Does that mean the Falcons should be worried? By no means. On top of this just being normal terrain for young quarterbacks in general, veteran quarterbacks like Baker Mayfield, Geno Smith, Sam Darnold, Daniel Jones and, heck, even Mac Jones and Carson Wentz at times this season, have recently upended the way we look at the long arc of quarterback development. Quarterbacks can always work on their flaws and get better, even multiple seasons into their careers. A quarterback as talented as Penix can and should get as much time as needed to reach his best self, and that best self might not even emerge until years from now. It's okay if he's not always good right now.
However, that's a dual-edged sword for the Falcons this season. Yes, Penix may eventually be who the team drafted one day, but he's not that player at present. He's not taking the league by storm in his first full season of starting. Some games, he's playing fairly well. Some games, he's playing pretty poorly. He's an uneven, unfinished product with highs and lows. The Falcons will go as far as he goes this season, and that might not be far enough to break a seven-season playoff drought.
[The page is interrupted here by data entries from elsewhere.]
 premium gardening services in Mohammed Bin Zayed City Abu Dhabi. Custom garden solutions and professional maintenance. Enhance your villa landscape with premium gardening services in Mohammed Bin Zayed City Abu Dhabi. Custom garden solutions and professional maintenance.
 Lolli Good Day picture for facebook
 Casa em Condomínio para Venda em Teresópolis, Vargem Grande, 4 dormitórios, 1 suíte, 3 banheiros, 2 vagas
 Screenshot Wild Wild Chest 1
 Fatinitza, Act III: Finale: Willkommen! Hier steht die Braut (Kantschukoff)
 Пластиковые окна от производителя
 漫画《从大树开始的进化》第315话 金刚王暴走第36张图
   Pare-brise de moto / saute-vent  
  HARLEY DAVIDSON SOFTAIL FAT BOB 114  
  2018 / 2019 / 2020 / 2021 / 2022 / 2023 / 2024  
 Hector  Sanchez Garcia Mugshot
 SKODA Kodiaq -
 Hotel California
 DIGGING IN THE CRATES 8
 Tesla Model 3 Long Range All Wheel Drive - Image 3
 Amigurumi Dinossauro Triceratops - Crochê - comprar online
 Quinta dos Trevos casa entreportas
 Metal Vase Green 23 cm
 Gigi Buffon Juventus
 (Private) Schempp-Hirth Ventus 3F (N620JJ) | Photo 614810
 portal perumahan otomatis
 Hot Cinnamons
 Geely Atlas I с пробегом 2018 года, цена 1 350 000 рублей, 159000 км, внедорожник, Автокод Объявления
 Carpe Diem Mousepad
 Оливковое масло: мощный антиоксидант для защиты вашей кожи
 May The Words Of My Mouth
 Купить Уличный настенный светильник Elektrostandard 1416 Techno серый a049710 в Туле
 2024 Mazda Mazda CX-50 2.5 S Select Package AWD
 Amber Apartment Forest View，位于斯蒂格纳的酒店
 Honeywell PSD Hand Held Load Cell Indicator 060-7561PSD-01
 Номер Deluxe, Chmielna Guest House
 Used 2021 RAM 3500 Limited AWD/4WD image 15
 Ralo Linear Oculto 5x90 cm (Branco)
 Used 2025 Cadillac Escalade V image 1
That's the risk of playing a young quarterback; the results aren't always instant.
Benching Penix during his struggles for Cousins might feel good for about five minutes for begrudged Falcons fans tired of missing the postseason. However, sacrificing a playoff berth for Penix's longterm development is probably a concession the franchise makes right now as it tries to find quarterback stability in a post-Matt Ryan world. Some ugly Penix games will probably be necessary for his grander growth, but it may burn the Falcons in the meantime.
Such is life with a "redshirt freshman" like Penix. This is basically his first NFL season, and those typically don't go as well for rookie quarterbacks as it does for veterans. He didn't play as much in college as you'd expect for the years he spent in that level, so he deserves as much grace in his adaptation to the NFL as his peers. One day, the Falcons may look back at 2025 as an important step in the road to finding the franchise quarterback. Maybe Penix's development doesn't go as hoped, and some of his bad habits stick around longer than you'd like. There are no guarantees to how a quarterback performs in the NFL, but you can bank on it not always being pretty at first.
There's no reason to fret about young quarterbacks like Penix taking some lumps on the road to a better self, but it's also really hard to trust the teams they play for until those quarterbacks find more consistency. That makes the 2025 Falcons a hard team to believe in for postseason promise, but it leaves open the door to believe in the future.